Last modified: 2013-12-26 14:39:54 UTC
Originally from: http://sourceforge.net/p/pywikipediabot/bugs/509/ Reported by: cosoleto Created on: 2007-09-28 07:35:32 Subject: showDiff() highlighting limitation due to difflib design Assigned to: cosoleto Original description: showDiff\(\) can fail to highlight a char-by-char difference because Python difflib seems don't support fully char-by-char comparison. Please see in Python tracker: \* issue \#1528074: "difflib.SequenceMatcher.find\_longest\_match\(\) wrong result" \(http://bugs.python.org/issue1528074\) \* issue \#1678345: "A fix for the bug \#1528074 \[warning: quite slow\]" \(http://bugs.python.org/issue1678345\)
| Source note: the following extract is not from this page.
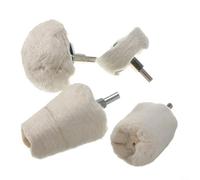 Rueda de fregona de pulido, 4 piezas de vástago de 6 mm, kit de almohadilla de pulido de fieltro blanco, para taladro de aluminio, acero inoxidable, joyería de metal, 40-75 mm, cilindro en forma de T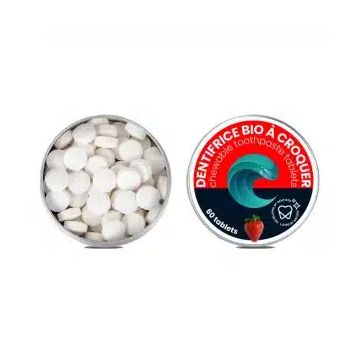OceanRespect kauwbare tandpasta tabletten aardbei (fluoridevrij)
Logged In: YES user\_id=181280 Originator: YES File Added: difflib\_test.py
- **priority**: 5 --> 6
Logged In: NO Guess this is an example http://bildr.no/view/146822
Assigned before somebody certainly steals this issue to me. I am going to add a modified difflib version. Unless the lack of feature is fixed in recent Python builds or, of course, anyone makes an objection. I am not sure about a config option to enable or disable line-by-line/char-by-char comparision.
- **priority**: 6 --> 7 - **assigned_to**: nobody --> cosoleto
Actually, I'd very much like to see better diff support for pywikipedia. I dont know why I missed that bug =\) I see in those bugs several comments about complexity changes, saying that a patch could change complexity from O\(n\*m\) to O\(n+m\), which certainly looks interesting. If char-by-char comparison provides better diffs, at a lower cost, what exactly is the reason for not supporting in Python? :s Two things to look at during implementation: \* Would it provide interesting diffs for all cases? \(if one case is improved while other matches get worse, it's not so interesting anymore\) \* Performance changes for big diffs. Good luck =\)
I haven't need luck because I am not going to do big works, just silly adaptation of already written code \(with loss of performance\). If you are interested to work on this problem in a different way you are welcome \(and not only in this open project\). Anyway it's nice to see you have analysed the situation a bit. The changed version should be safe, without regression cases. I will see to document performace loss.
- **Group**: --> confirmed
This appears to have been fixed upstream, right?
Both links in comment 0 (http://bugs.python.org) have been fixed, indeed.